The new capitalist

Tania Ellis is founder and managing director of a company with an unusual name, 'The Social Business Company', which provides consultation to companies on corporate social responsibility (CSR).

Ellis, who is of Danish-British extraction, also wears another hat, beautifully. She is author of the famous business book, The New Pioneers.

The book, which has been translated into Thai, focuses on new trends in business such as the Grameen Bank initiated by Nobel laureate Muhammad Yunus and progressive corporate projects, like General Electric's "Ecomagination", that mixes social contribution with business and makes a profit.

"In this book, I show companies and entrepreneurs that today it is possible to create solutions to global challenges and do business at the same time. You can do good and you can do well," she said while in Bangkok last month for the book's launch.

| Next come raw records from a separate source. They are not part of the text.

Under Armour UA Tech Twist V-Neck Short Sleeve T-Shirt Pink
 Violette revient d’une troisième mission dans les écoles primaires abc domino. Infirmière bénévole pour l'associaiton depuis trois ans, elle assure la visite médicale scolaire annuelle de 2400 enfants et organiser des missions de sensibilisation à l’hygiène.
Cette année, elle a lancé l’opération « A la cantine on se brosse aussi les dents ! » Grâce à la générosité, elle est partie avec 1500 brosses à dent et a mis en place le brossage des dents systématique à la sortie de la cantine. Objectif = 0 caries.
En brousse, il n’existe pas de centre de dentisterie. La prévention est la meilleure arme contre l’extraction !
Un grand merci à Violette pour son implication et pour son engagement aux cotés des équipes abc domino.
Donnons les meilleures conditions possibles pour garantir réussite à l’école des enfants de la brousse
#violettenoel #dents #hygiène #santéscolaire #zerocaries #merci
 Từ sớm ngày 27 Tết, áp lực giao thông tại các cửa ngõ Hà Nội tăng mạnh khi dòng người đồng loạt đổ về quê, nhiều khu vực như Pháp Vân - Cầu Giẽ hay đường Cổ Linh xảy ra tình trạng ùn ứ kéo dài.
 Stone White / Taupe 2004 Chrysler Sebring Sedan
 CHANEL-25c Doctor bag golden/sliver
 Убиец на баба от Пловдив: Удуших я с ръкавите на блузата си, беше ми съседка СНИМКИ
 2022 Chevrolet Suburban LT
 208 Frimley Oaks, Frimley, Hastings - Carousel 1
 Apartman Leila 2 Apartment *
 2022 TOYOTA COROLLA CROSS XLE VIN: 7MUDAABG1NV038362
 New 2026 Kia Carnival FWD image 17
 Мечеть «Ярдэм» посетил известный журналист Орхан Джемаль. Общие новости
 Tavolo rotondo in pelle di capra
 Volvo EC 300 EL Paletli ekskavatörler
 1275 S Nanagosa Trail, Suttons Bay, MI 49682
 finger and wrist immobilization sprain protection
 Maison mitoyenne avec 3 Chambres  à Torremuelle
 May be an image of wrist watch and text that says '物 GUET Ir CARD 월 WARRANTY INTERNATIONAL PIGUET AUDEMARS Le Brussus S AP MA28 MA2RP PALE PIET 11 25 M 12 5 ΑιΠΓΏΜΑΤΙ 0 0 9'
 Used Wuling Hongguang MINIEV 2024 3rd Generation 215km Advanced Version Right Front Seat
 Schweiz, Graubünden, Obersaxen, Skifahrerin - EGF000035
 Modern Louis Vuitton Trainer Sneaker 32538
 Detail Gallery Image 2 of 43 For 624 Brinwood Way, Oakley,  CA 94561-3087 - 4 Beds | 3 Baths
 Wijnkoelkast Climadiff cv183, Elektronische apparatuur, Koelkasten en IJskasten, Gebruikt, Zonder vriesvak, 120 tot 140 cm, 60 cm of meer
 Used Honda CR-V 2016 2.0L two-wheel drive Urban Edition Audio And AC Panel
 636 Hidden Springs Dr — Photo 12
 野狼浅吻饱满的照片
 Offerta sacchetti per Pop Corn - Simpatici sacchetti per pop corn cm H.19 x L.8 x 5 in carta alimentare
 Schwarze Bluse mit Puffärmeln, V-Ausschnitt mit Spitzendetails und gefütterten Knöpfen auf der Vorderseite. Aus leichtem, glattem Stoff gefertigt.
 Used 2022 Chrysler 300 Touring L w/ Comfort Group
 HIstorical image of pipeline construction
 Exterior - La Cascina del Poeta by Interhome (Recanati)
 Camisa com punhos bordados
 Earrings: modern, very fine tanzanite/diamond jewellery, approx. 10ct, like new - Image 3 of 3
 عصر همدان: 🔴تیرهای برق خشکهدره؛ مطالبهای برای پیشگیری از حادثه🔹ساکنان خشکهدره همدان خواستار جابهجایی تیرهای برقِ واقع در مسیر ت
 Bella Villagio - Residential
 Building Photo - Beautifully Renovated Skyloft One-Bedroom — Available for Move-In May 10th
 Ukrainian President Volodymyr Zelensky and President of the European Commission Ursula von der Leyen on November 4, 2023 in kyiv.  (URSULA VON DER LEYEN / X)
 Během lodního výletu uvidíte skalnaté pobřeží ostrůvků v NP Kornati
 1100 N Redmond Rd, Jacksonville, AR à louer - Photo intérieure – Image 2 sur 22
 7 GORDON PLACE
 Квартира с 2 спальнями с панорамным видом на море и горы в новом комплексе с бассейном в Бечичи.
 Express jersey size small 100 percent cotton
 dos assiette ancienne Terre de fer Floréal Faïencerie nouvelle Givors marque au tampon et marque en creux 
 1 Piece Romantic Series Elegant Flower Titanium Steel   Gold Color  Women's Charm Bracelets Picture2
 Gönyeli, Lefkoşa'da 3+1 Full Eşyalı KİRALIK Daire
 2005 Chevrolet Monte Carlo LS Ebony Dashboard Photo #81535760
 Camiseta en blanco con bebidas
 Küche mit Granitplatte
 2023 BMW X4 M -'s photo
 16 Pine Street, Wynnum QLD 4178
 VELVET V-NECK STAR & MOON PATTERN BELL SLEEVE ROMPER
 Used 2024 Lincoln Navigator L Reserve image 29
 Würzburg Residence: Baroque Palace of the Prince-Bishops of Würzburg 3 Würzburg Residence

Like other fellow writers, Ellis is an avid reader. Her favourite books revolve around her work on sustainable development.

Her first choice is Biomimicry: Innovation Inspired by Nature, by Janine M. Benyus. "This is one of the most interesting books I have read. It is about how we as human can learn from nature. For centuries we have been trying to dominate and control nature. We have been exploiting resources of nature. But the concept of Biomimicry is about taking and making nature your mentor.

"What we can learn from nature and develop product and solution based on principle of nature. It is wonderful book and in line with whole concept of sustainability."

The other is Future of Money: Beyond Greed and Scarcity, by Belgian economics professor Bernard Lietaer. "In this book, he explains what money is. Because we kind of focus on money as material value creation. Actually, money is a social innovation and I also write about it in my book, so I was inspired by his book. What he said is that the current monetary system that we have is unsustainable because capitalism needs to have two legs and the current version is only one leg. That current version of capitalism creates competition and it is not sustainable in itself.

"The other leg, for example, reflects in the concept of micro loan. It [the concept of micro loan] is social economy, it is reinvesting profit. So it is actually that whole mindsets of social entrepreneurs are exploring and putting into practice what actually is the other leg of capitalism. Comparing with many years of operating with financial gain as bottom line, now companies additionally operate with social bottom line or environmental bottom line. Suddenly, capitalism has more legs and together it becomes sustainable. Very interesting reading, indeed. He goes back to many thousand years back to old communities on how they were exchanging, what kind of money they used."